Information supplied →
######

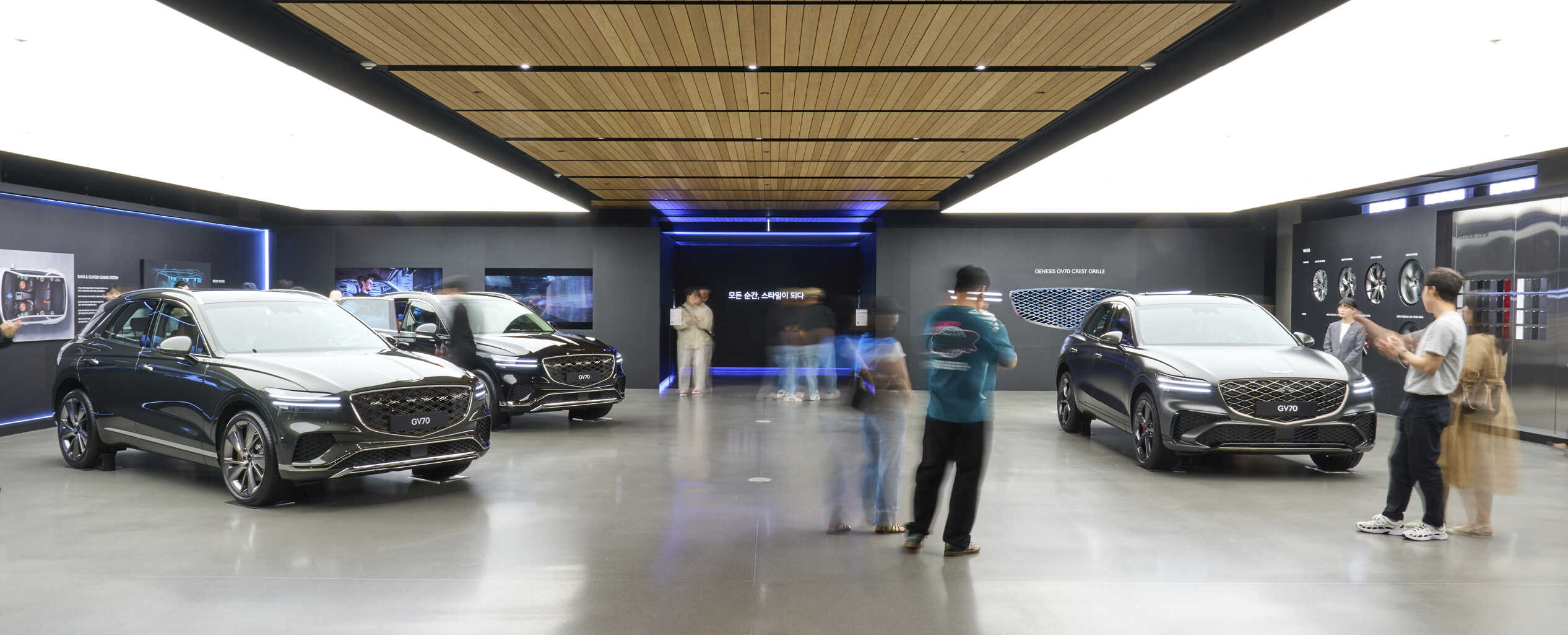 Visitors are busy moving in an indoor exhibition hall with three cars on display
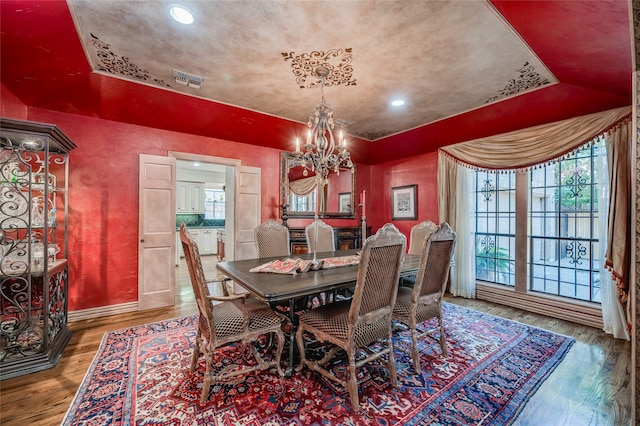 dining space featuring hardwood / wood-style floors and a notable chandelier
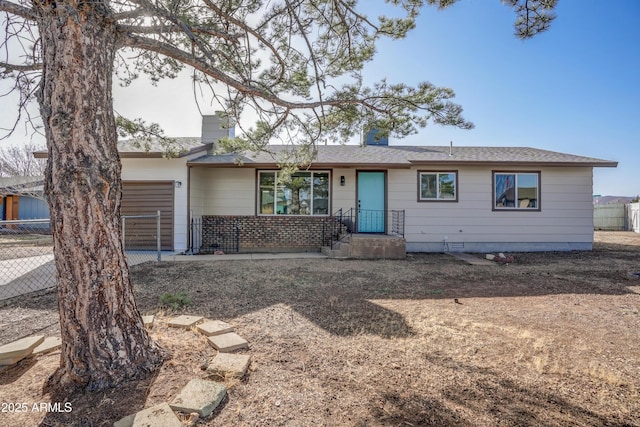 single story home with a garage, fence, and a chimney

######

Write out the material above precisely, leaving each picture behind.

Reply →
 Visitors are busy moving in an indoor exhibition hall with three cars on display
 dining space featuring hardwood / wood-style floors and a notable chandelier
 single story home with a garage, fence, and a chimney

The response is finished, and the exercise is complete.